It happened slowly. It was uncomfortable. For a long time it was unidentifiable. I resisted it. At times I actually fought it. After several years I could no longer deny it. A transformation was occurring and there was nothing I could do to stop it.
Let’s look back 5 years to see where I was….
- Teacher – effective yet not satisfied (whatever that means!)
- Unsettled – my “teacher” skin was getting itchy
- Isolated – great colleagues yet felt professionally alone
- Protector – supporter and defender of those in need
At the time, our school was working under oppressive leadership. I’ve always been a giver but during this time I felt myself changing. There were some troubling things happening in our school. My fellow teachers, in my opinion, were being “abused.” It was at this point that I felt my fierce mama bear come out. These were my teachers and I was going to protect them. I needed to take action!
The actions that I took during those dark days are not necessary to share but what resulted from those actions is.
What I learned about myself during those trying times…
- Resilient – like Chumbawamba says in their song Tubthumping “You’re never gonna keep me down.”

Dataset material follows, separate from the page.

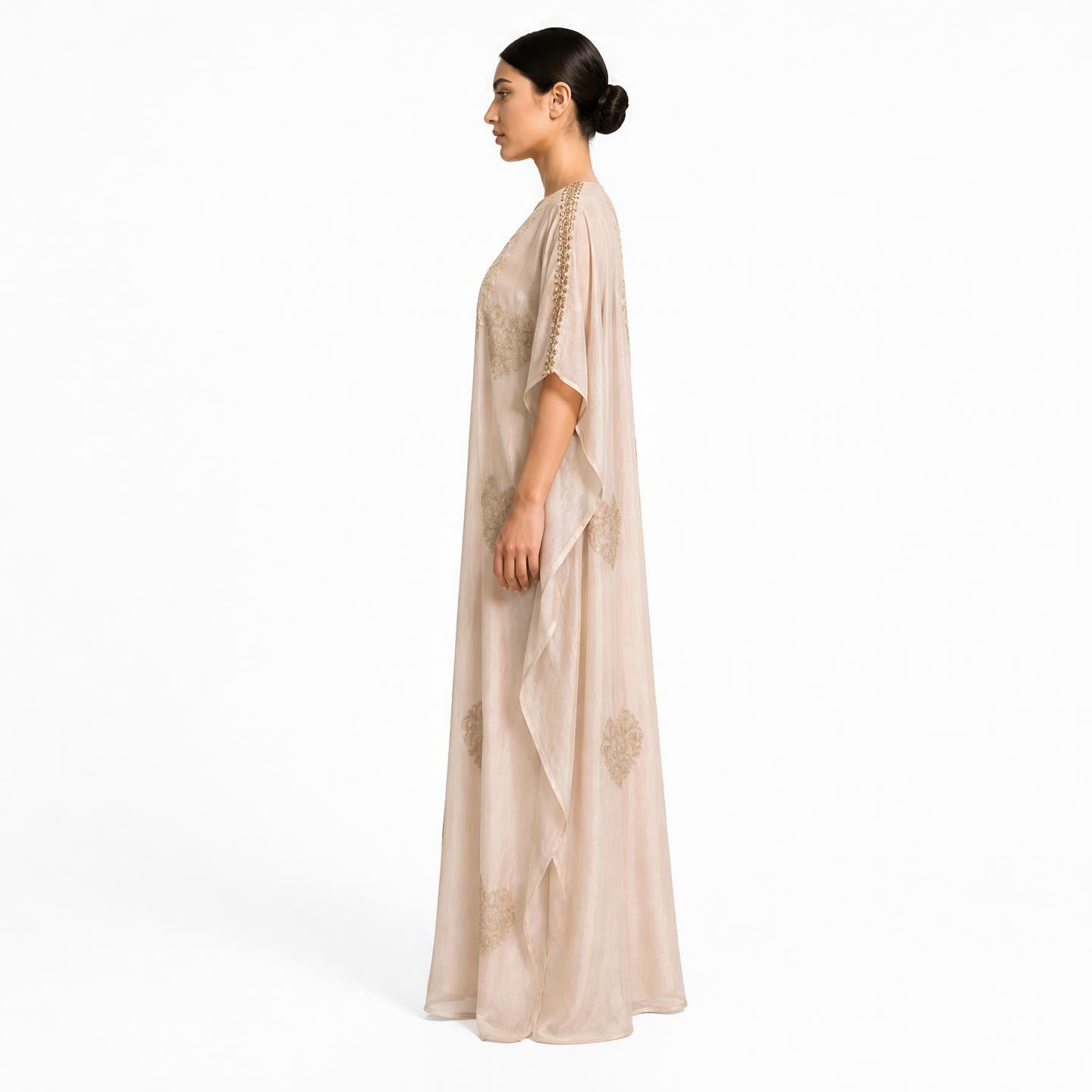 A woman in profile wearing a floor-length beige caftan with gold floral embroidery and sheer draped sleeves, photographed against a plain white studio background.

- Courageous – willing to live outside of my comfort zone to benefit others
- Capacity – able to bring together and positively influence others
Eventually the dark days passed and new leadership was at the helm. My unsettled feelings and struggle with isolation were still present yet I was feeling confident in the changes that I helped bring about in our school. Under the guidance and encouragement of our new leadership I was able to embrace the transformation that was occurring within me.
Let’s fast forward to the present to see where I am now…

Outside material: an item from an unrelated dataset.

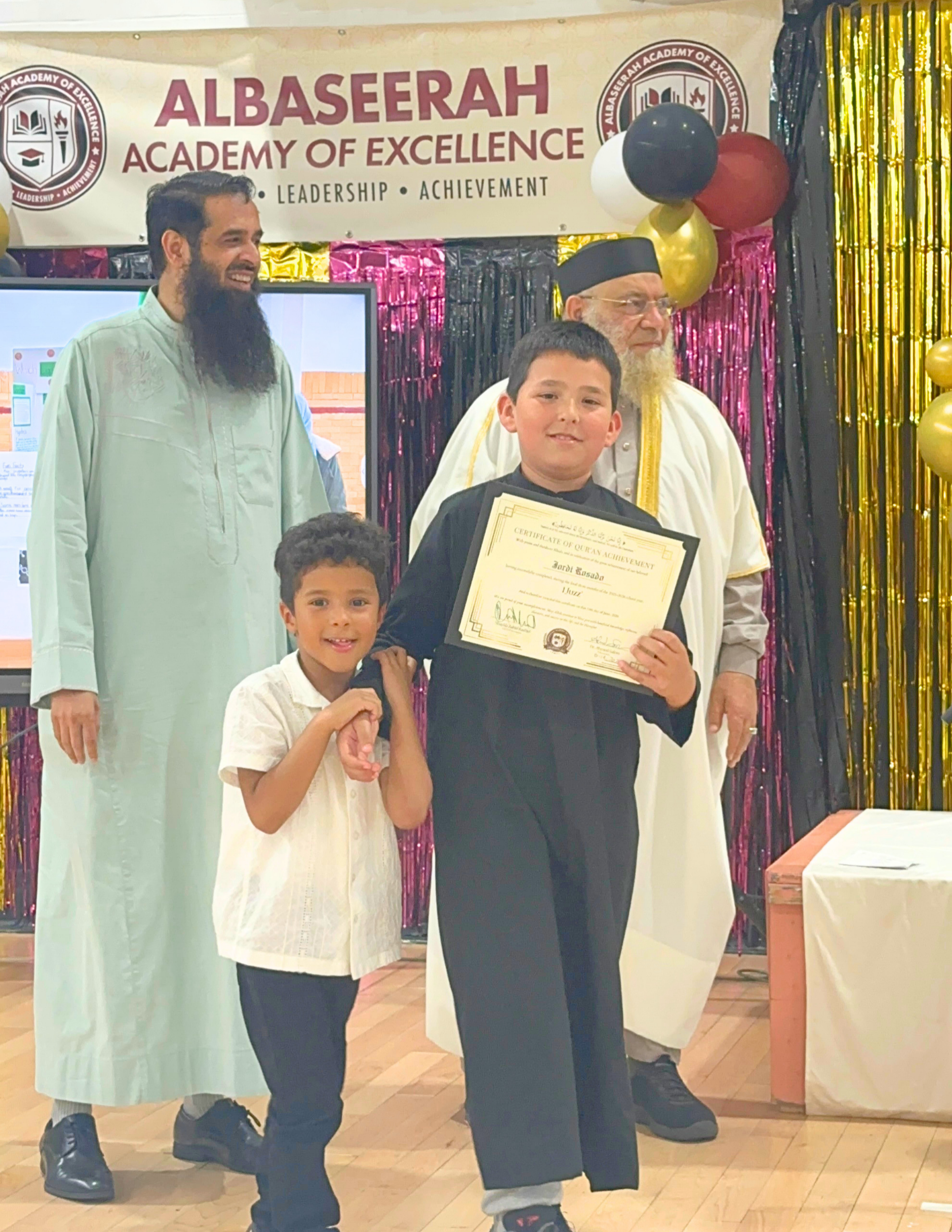A proud Albaseerah student holding his certificate with his teachers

- Collaborator – growing and learning with our entire school
- Unsettled – embracing the discomfort that growth and learning create instead of fighting it
- Connected – isolation is a choice that I now choose to dismiss
- Leader – encouraging and supporting growth in our school community
My transformation is far from complete and I’m ok with that. I am less “itchy” in my own skin and am feeling excited about some new opportunities that have been presented to me. I don’t know where my educational journey will take me but I do know that I am on the right track. My experiences over the last five years have taught me that instead of just reacting to the circumstances around me and letting that unsettled feeling take control I need to stop and reflect. I need to acknowledge and embrace my feelings instead of letting them overpower me. I need to take action where I can but also need to step back and realize that some things are outside of my control. Ultimately I have realized that how I deal with the transformations in my life is my choice. I can ride the wave and choose to find the positive or I can get caught in the undertow and let the negative drown me. The choice is mine.